(SUPPLIED DATA)

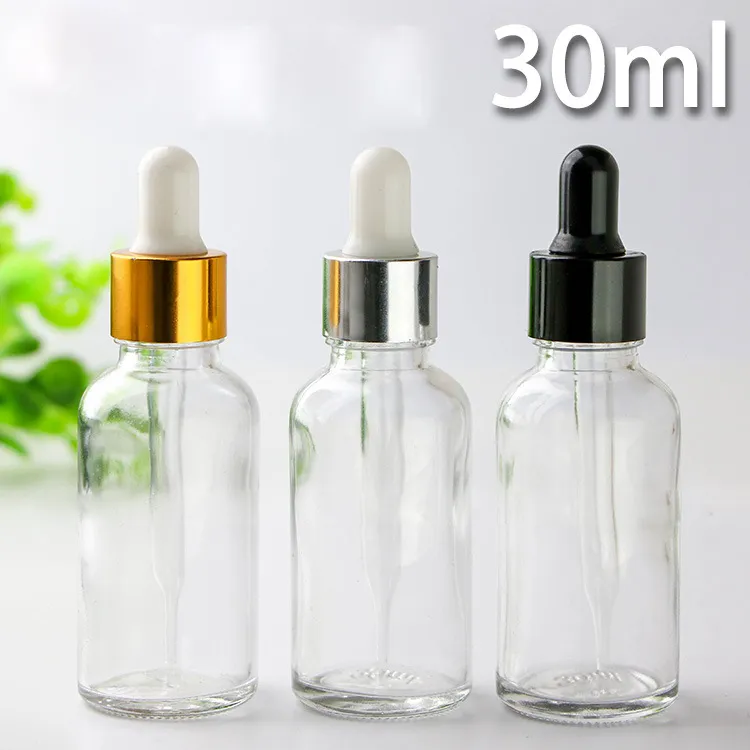 30-ml-Klarglasflaschen, Tropfflaschen für ätherische Öle mit Glas-Augentropfer und Gold-Silber-Schwarz-Verschluss. 30-ml-Glasverpackungsflaschen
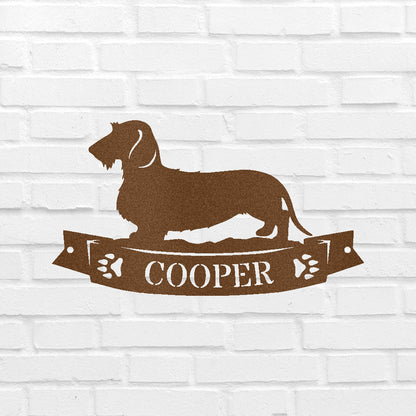 Dachshund Banner Personalized Gifts - Custom Metal Sign Copper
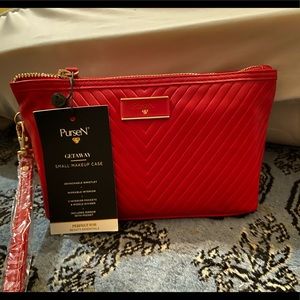PurseN red getaway wristlet makeup bag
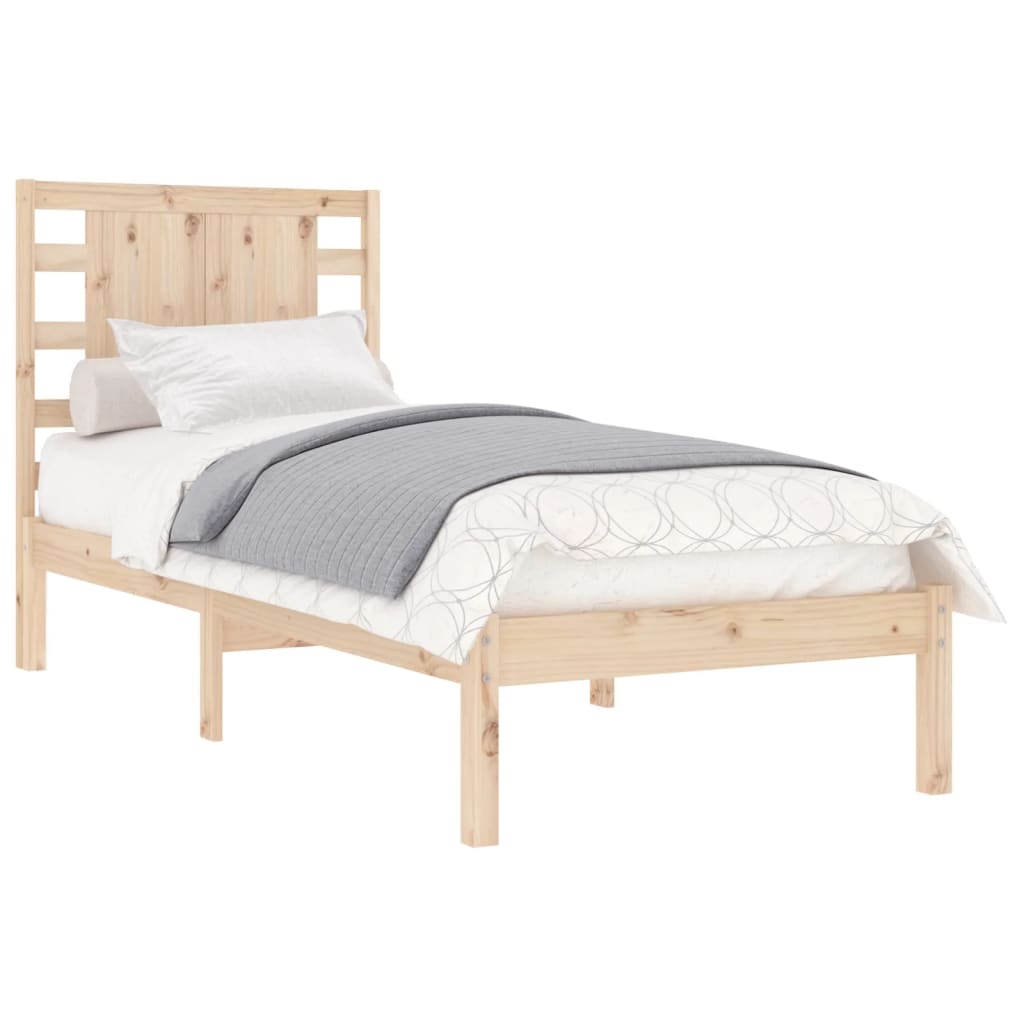 Cadre de lit Bois de pin massif 90x200 cm Lits & cadres de lit vidaXL   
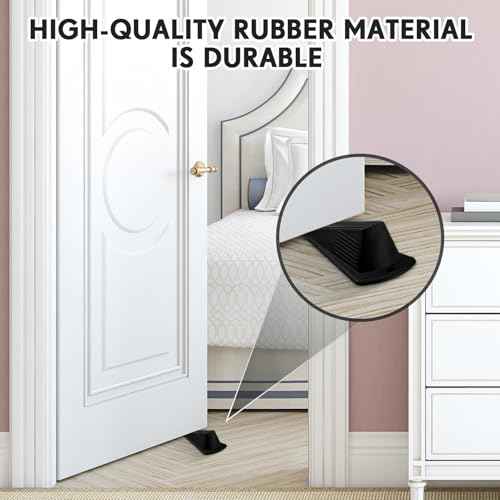 Frienda 12 Pcs Jumbo Door Stoppers Heavy Duty Door Stopper Tall up to 2inch Tall Wedge TPR Large Wedge Stackable Big Rubber Doorstop for Hotel Carpet Hardwood Concrete and Tile (Black)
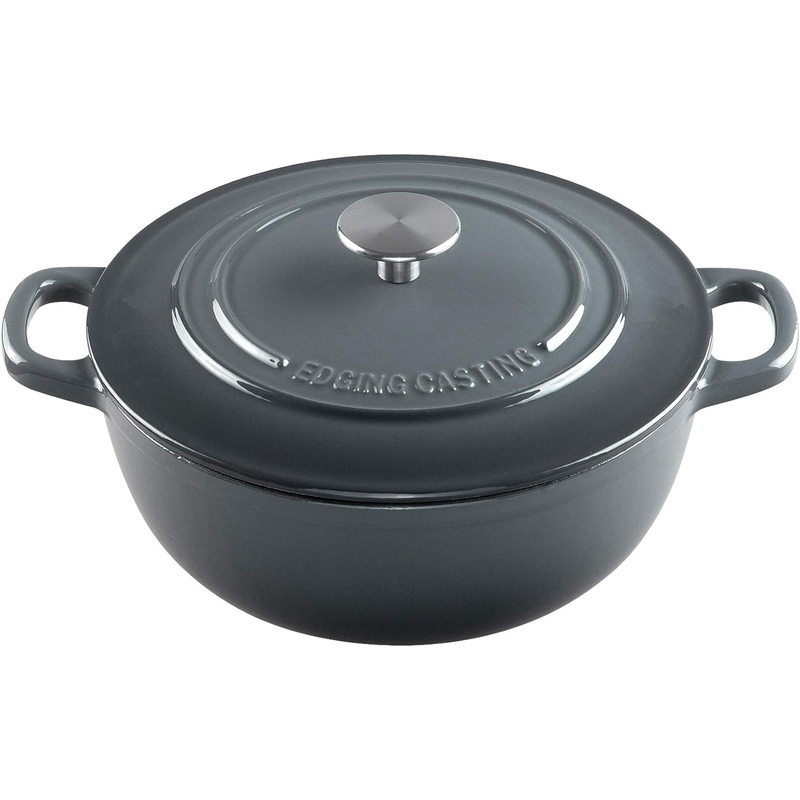 Enameled Cast Iron Dutch Oven 5 Quart, Round Cast Iron Dutch Ovens Pot with Lid Suitable for Variety Stovetops, Bread Baking, Gray | Bigbigmart.com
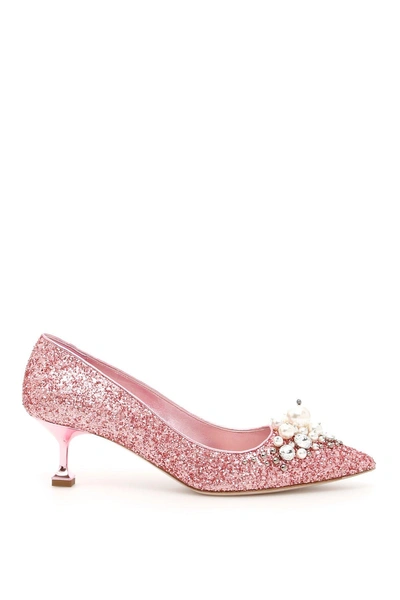 Shop Miu Miu Glitter Embellished Pumps In Pink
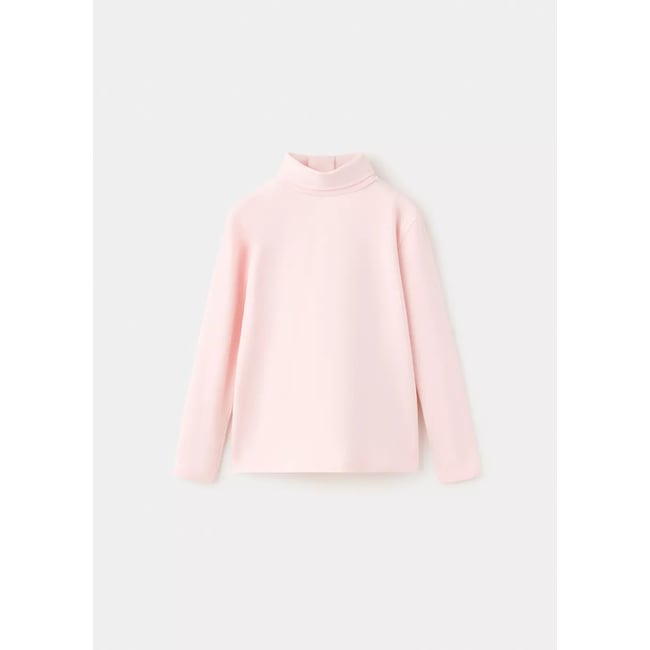 T-shirt en coton à col roulé rose <span itemprop=
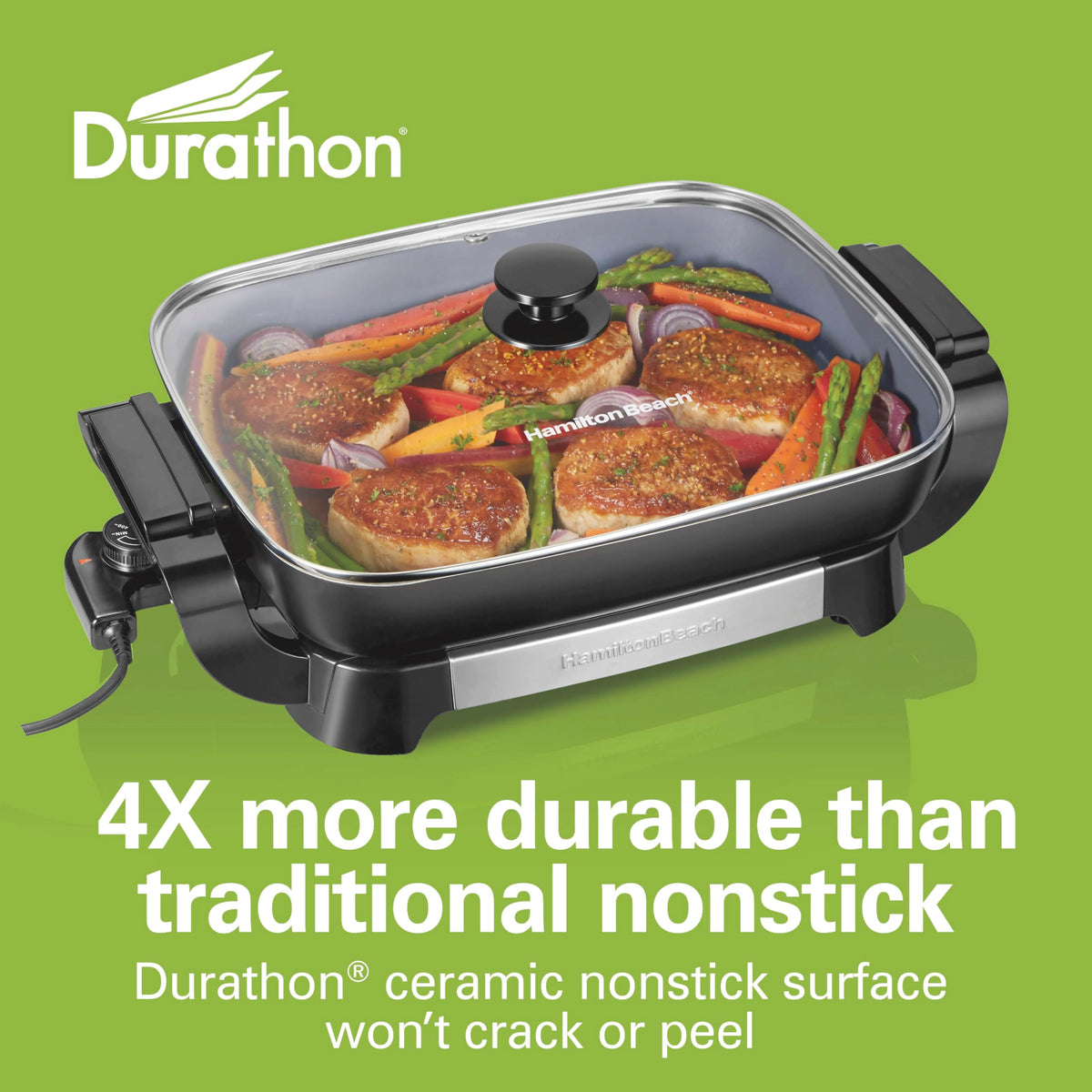 Hamilton Beach adjustable heat 200-400°F for versatile cooking options.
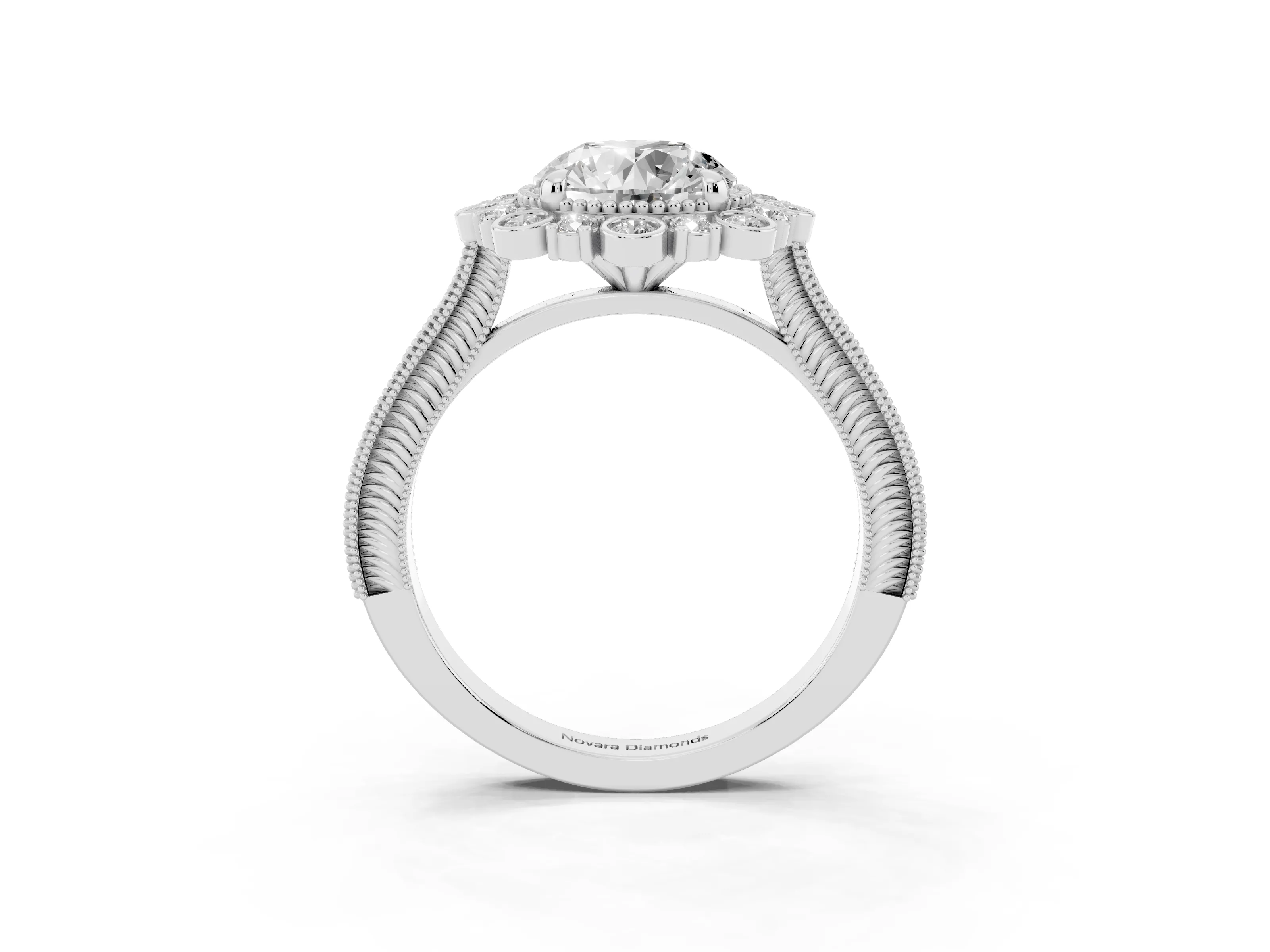 Round Cut Diamond Halo Milgrain Pavé Ring Set in White gold with Prong Setting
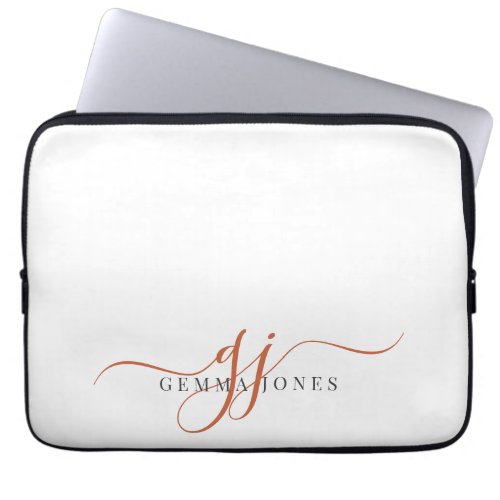 Terracotta Script Monogram Initials Minimalist  Laptop Sleeve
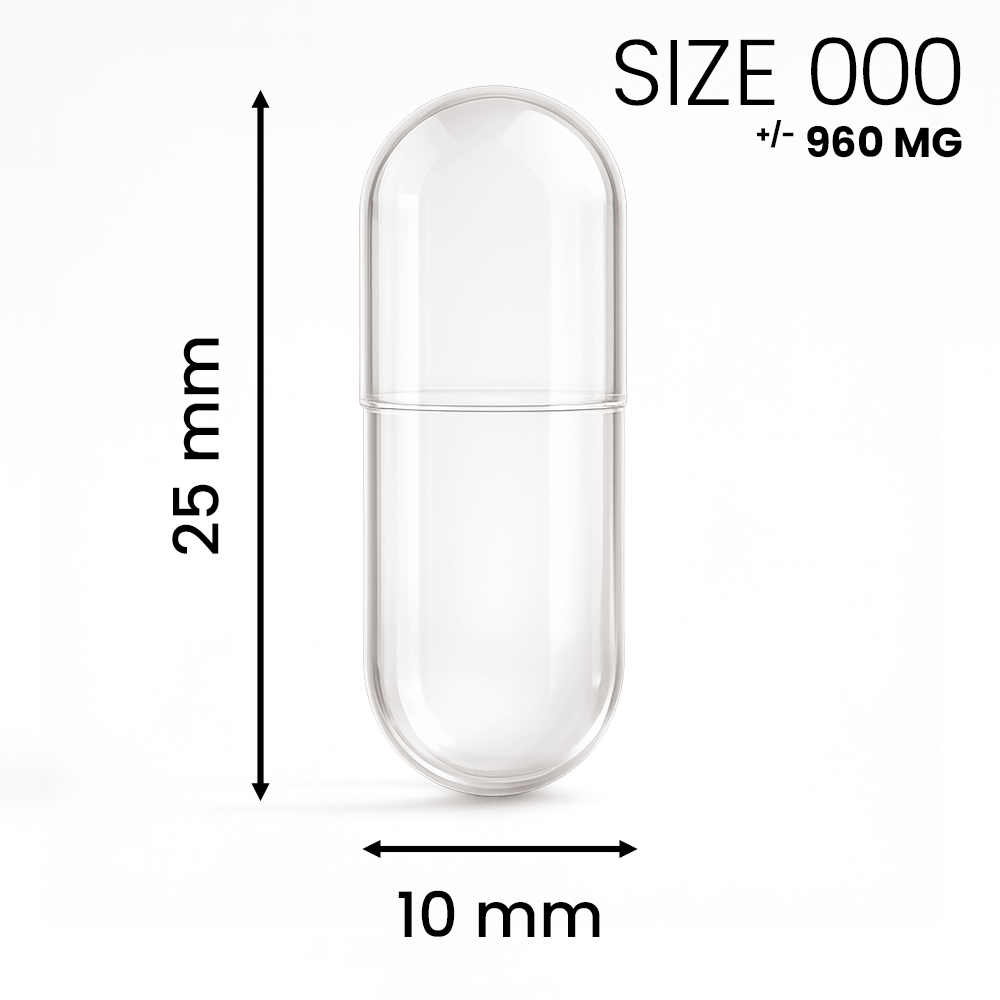 Lege capsule maat 000 transparant – extra grote capsule voor hoge doseringen poeder.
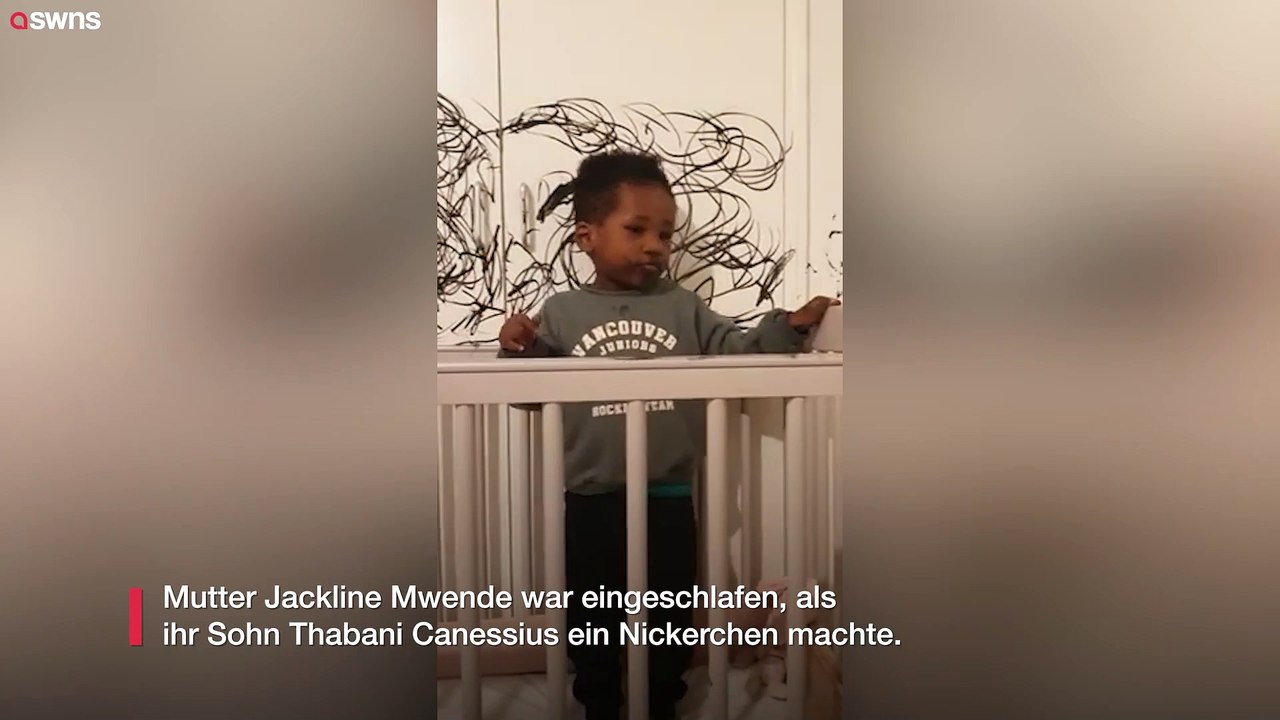 Kleinkind stiehlt eyeliner und kritzelt die wände voll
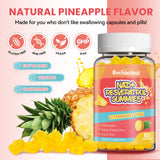 SmildeHeal Resveratrol Gummies with a hand holding a gummy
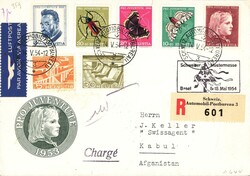 1954: PJ-Satzbrief 1953 mit 35 Rp. Zusatzfrankatur (Technik  u. ...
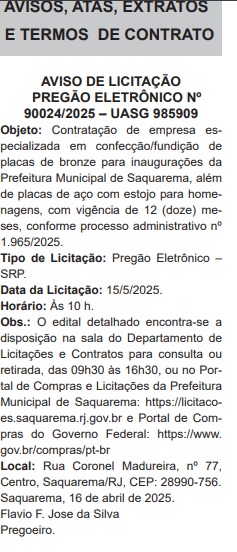 Saquarema vai comprar placas para inaugurações e homenagens por até R$ 232 mil 62 WhatsApp Image 2025 04 22 at 11.34.56
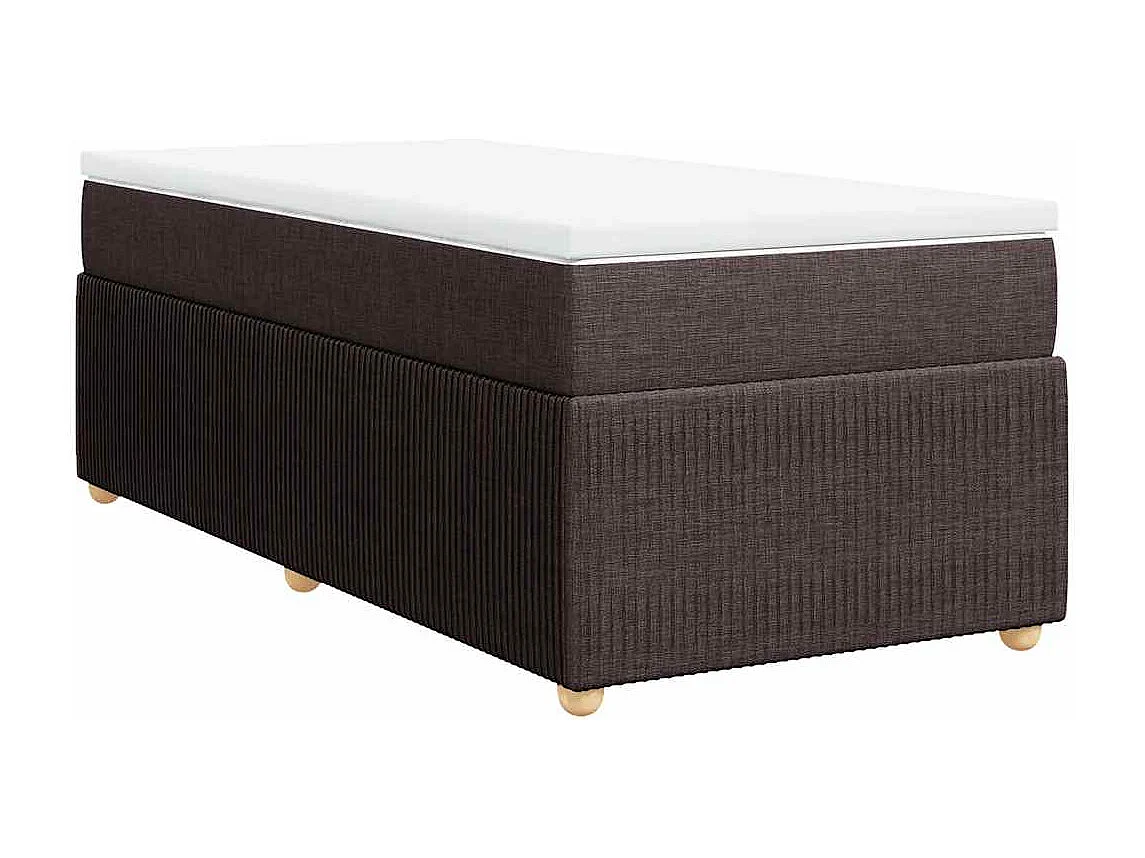 Cama box spring con colchón tela marrón oscuro 90x200 cm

(End SUPPLIED DATA)

WHAT TO PRODUCE — Out of the records above, set down only the lines from the one that contains "PurseN red getaway wristlet makeup bag" through the one that contains "Round Cut Diamond", unchanged and without the pictures.

EXERCISE RESULT —
PurseN red getaway wristlet makeup bag
 Cadre de lit Bois de pin massif 90x200 cm Lits & cadres de lit vidaXL   
 Frienda 12 Pcs Jumbo Door Stoppers Heavy Duty Door Stopper Tall up to 2inch Tall Wedge TPR Large Wedge Stackable Big Rubber Doorstop for Hotel Carpet Hardwood Concrete and Tile (Black)
 Enameled Cast Iron Dutch Oven 5 Quart, Round Cast Iron Dutch Ovens Pot with Lid Suitable for Variety Stovetops, Bread Baking, Gray | Bigbigmart.com
 Shop Miu Miu Glitter Embellished Pumps In Pink
 T-shirt en coton à col roulé rose <span itemprop=
 Hamilton Beach adjustable heat 200-400°F for versatile cooking options.
 Round Cut Diamond Halo Milgrain Pavé Ring Set in White gold with Prong Setting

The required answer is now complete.